Panelists emphasized the need for governments to take greater ownership of HIV prevention
programs, reducing reliance on donor-driven initiatives and integrating services within national health systems. Many countries continue to operate parallel HIV prevention programs supported by external donors, leading to inefficiencies and fragmentation. Panelists emphasized that national governments must allocate domestic resources for critical components such as human resources, 
essential products and services, and health information systems to ensure sustainability. Task-shifting was also identified as a crucial strategy to expand service provision at lower levels of care, ensuring that preventive services are widely accessible.


Another central theme was the integration of HIV prevention within primary healthcare systems. South Africa was highlighted as an example of a country that has successfully embedded prevention and treatment services within its primary healthcare system. However, challenges remain, particularly in ensuring retention and preventing drop-offs in treatment and prevention services. Long-acting HIV prevention products were identified as a promising strategy to improve adherence and retention rates.


Strengthening health information systems to track epidemiological shifts and utilizing data-driven targeting strategies to identify at-risk populations were also highlighted as crucial. Panelists stressed the need for robust monitoring and evaluation frameworks to ensure that prevention interventions are directed toward populations at the highest risk and achieve the desired impact.


Community engagement was recognized as essential in ensuring the accessibility and acceptability of services. Strategies such as community advisory boards, community-based participatory research, and community quality improvement approaches were highlighted as best practices for placing communities at the center of program design and evaluation. Ensuring choice in HIV prevention—by advocating for a diverse range of prevention options tailored to community preferences and epidemiological realities—was also emphasized as a key factor in improving uptake and effectiveness.


Panelists also discussed the need for diversified financing for HIV prevention.
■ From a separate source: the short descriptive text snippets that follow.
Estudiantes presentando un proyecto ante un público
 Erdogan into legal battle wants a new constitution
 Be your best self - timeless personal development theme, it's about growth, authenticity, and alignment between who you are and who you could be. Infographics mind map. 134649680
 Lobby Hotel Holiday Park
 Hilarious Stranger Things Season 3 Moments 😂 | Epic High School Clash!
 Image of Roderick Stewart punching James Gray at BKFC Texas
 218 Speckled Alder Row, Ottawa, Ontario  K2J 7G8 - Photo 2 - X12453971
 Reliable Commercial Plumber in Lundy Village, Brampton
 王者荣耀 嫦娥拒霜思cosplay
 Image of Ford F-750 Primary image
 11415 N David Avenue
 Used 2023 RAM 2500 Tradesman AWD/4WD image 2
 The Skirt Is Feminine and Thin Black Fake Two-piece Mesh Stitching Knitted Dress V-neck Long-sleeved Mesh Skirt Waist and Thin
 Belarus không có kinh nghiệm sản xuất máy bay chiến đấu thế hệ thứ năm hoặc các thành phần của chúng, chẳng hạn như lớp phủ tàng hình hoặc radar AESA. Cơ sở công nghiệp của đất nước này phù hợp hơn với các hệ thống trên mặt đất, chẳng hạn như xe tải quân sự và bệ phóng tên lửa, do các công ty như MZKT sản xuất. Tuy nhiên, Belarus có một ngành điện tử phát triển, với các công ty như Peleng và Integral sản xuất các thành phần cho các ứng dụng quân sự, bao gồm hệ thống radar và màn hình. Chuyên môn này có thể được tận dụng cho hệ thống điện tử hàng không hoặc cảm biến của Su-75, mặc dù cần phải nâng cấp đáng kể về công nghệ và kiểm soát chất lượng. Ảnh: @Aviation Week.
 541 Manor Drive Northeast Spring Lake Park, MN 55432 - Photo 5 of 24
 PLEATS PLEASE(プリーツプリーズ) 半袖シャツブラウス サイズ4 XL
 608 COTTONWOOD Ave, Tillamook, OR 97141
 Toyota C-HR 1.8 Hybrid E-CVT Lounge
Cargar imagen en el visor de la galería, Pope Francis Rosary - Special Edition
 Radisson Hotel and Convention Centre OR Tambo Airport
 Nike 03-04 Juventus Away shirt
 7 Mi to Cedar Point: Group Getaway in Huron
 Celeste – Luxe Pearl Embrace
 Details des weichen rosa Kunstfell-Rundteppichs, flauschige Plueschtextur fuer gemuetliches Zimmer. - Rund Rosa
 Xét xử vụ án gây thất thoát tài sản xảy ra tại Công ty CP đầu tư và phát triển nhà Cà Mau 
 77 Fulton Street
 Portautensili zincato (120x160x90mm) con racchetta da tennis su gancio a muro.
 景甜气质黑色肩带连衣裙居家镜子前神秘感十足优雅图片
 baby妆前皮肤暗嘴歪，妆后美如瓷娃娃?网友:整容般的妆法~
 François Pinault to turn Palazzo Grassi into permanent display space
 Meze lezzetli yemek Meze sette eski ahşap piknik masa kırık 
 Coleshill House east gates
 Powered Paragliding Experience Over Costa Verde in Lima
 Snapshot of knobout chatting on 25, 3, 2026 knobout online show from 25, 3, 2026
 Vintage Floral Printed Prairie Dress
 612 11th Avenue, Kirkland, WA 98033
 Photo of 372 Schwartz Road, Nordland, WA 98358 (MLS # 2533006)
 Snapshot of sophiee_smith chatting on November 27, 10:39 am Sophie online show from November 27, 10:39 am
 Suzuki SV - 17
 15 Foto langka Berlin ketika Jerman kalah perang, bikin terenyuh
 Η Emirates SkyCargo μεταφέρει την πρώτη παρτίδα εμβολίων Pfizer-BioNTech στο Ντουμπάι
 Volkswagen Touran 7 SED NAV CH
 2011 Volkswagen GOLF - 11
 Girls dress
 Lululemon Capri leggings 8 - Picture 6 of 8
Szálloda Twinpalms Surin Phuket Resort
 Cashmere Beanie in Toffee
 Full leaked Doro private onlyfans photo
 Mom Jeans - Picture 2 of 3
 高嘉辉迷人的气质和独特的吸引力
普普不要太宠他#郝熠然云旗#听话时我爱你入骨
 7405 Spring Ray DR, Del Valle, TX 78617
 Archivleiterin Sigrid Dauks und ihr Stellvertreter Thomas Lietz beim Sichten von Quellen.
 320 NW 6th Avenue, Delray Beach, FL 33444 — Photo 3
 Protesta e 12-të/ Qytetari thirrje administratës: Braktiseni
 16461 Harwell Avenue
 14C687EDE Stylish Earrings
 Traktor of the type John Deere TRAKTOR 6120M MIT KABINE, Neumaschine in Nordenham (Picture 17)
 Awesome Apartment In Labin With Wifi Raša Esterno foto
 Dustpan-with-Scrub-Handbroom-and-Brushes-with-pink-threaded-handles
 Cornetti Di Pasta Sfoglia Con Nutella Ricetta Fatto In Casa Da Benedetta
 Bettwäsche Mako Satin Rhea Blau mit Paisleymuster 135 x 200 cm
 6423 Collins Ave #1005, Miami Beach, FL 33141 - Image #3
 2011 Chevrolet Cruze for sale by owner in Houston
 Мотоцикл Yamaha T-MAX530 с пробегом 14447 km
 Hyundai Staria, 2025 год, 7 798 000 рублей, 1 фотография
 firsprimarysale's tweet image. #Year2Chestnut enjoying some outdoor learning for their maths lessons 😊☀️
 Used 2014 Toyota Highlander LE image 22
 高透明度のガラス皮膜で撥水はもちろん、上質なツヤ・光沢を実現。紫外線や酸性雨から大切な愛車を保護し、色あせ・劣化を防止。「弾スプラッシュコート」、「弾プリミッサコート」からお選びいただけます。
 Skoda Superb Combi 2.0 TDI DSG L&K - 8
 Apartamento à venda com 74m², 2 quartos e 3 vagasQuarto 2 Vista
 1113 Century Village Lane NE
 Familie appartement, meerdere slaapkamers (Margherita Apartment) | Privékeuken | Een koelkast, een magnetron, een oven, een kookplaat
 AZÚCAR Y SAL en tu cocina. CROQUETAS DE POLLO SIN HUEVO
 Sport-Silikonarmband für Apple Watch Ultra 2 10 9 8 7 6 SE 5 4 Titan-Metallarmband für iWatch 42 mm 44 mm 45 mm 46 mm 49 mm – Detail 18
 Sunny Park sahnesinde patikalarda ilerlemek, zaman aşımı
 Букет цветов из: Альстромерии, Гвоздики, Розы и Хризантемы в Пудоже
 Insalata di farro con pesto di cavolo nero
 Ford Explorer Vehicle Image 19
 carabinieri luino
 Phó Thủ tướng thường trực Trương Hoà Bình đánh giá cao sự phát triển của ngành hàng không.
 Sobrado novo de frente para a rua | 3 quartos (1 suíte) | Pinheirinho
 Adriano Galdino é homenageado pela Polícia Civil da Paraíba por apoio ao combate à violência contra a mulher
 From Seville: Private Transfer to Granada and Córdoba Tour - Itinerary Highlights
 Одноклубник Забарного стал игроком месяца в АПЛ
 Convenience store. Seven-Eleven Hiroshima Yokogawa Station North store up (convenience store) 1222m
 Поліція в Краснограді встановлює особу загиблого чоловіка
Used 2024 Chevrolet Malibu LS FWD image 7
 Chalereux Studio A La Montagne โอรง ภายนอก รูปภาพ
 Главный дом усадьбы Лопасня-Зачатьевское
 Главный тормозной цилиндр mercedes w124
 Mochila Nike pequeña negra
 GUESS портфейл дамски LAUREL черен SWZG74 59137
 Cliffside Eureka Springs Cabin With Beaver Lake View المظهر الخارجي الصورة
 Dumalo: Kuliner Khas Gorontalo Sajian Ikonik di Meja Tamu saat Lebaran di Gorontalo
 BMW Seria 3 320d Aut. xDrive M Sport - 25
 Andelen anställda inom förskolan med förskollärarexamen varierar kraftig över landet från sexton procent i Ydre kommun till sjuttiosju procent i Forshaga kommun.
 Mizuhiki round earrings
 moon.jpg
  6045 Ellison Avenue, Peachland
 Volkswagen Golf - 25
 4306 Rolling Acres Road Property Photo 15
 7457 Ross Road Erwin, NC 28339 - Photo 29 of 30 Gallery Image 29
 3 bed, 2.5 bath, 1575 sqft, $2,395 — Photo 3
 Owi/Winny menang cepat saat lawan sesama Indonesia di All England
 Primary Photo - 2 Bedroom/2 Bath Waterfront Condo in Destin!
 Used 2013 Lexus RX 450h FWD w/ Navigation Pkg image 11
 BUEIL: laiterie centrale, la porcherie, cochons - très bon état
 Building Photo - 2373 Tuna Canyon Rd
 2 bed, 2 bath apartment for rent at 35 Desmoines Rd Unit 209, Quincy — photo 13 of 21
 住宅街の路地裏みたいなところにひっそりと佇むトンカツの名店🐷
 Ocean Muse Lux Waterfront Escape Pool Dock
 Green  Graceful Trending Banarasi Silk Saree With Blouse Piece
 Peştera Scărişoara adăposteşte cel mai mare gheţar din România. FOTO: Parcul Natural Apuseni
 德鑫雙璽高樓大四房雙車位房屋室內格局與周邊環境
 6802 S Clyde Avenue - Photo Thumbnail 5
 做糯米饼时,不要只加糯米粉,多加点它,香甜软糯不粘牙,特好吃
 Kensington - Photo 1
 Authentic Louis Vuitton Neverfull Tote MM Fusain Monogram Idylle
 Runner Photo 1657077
In addition to
increased domestic investment, market-shaping strategies that include leverage, such as volume guarantees for essential products, were proposed as a means to lower the cost of emerging HIV prevention tools, including long-acting PrEP. Panelists suggested greater engagement with development banks and other sources of concessionary funds, in addition to emerging foundations with an interest in building healthier, more stable societies. Governments were also encouraged to integrate HIV prevention into national social health insurance schemes to ensure equitable access and reduce costs.